Tutto in noi si incupisce, nel fisico e nel cuore. Il buio si impadronisce della quotidianità e, senza che ce ne rendiamo conto, ci risucchia nel suo buco nero, oscurando tutte le buone ragioni che potrebbero risollevarci.

Così, ci abbandoniamo, credendo di non poter e dover fare nulla per stare meglio. E forse, stare un po’ con il nostro dolore, osservarlo, odiarlo, cullarlo, tenerlo stretto come fosse una nostra appendice, ha dei risvolti terapeutici; perché scappare non costituisce mai una soluzione.

Eppure, c’è un momento in cui dobbiamo sentirci pronti a prendere tutta la nostra sofferenza per accantonarla in un angolo di noi, per far spazio alla luce, alla vita che ha il diritto di rinascere, dentro e fuori.

“Non abbandonarti” di Rabindranath Tagore parla proprio di questo. Nel suo componimento, in cui si ripete quasi come fosse una cantilena il verso “Coraggio, non aver paura”, Tagore ci consola, ci invita a guardare più lontano, oltre il nostro buio. Ci sussurra, e poi lo dichiara con forza, che è ora di correre, di uscire fuori dall’oscurità, di non aver più paura perché il cielo si è schiarito, e di lasciare “la disperazione, la pigrizia e il dubbio”, fedeli compagne del dolore.

Rabindranath Tagore

Rabíndranáth Thákhur, in Occidente meglio noto con il nome anglicizzato Rabindranath Tagore, nasce a Calcutta il 7 maggio 1861 da una nobile famiglia bengalese.

Ultimo di quattordici fratelli, Rabindranath non segue degli studi regolari, viene bensì educato dal padre, che si occupa a trecentosessanta gradi del figlio, con cui condivide anche esperienze di viaggio.

Nel 1874, la famiglia vive un momento tragico: la madre di Rabindranath muore, e il giovane va a vivere con il fratello Dwijendranath, che è poeta, musicista e filosofo, e con la cognata. Già in questo periodo, Rabindranath comincia a scrivere e comporre poesie – a questi anni risale anche “Il lamento della natura” –, che subito vengono pubblicate in diverse riviste.

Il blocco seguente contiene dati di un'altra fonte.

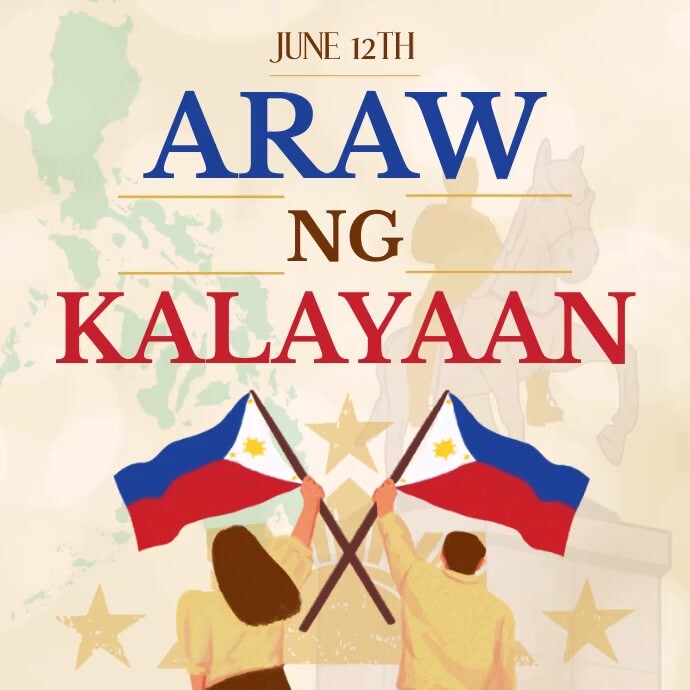 Araw Layout Araw Ng Kalayaan Template | PosterMyWall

Nel 1878 l’autore di “Non abbandonarti” compie il suo primo viaggio in Inghilterra e vi rimane 17 mesi. Henry Morley diviene il suo insegnante di letteratura e musica. Al ritorno in patria, Tagore compone il dramma musicale “Il genio di Valmiki” e “I canti della sera”.

Nel 1883 sposa Mrinalini Devi, che ha solo dieci anni e da cui Rabindranath Tagore avrà cinque figli. I due vanno a vivere a Ghazipur. Risale al 1890 un secondo viaggio in Europa, durante cui il poeta visita L’Inghilterra, l’Italia e la Francia. Al ritorno, compone numerose opere, fra drammi, raccolte poetiche e diari di viaggio.

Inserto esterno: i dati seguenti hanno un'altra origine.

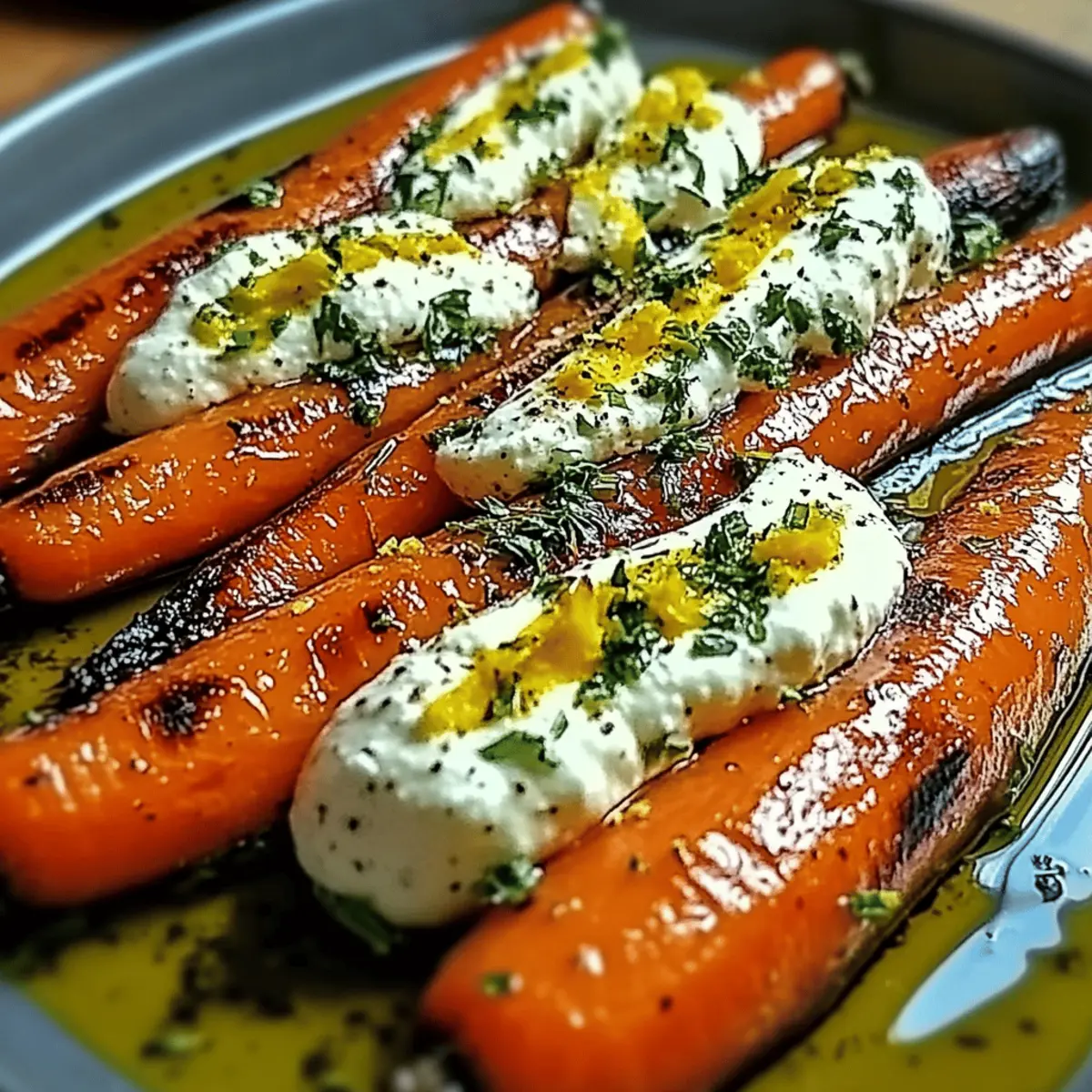 Roasted Carrots with Whipped Ricotta for Cozy Dinners 4 Roasted Carrots with Whipped Ricotta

Dal 1902, comincia per l’autore di “La nostra vita naviga su un mare” un grande dramma: muore la moglie. Poco dopo, muoiono anche la figlia e il figlio minore. Tagore è devastato dal dolore del lutto, che si riflette nelle poesie scritte in questo periodo.

Nel 1913, dopo un terzo viaggio in Europa e moltissime poesie pubblicate, Rabindranath Tagore viene insignito del Nobel per la Letteratura.

L’uomo, che nell’ultimo periodo della sua vita si dedica alle arti figurative creando più di 2000 disegni e dipinti, muore il 7 agosto 1941.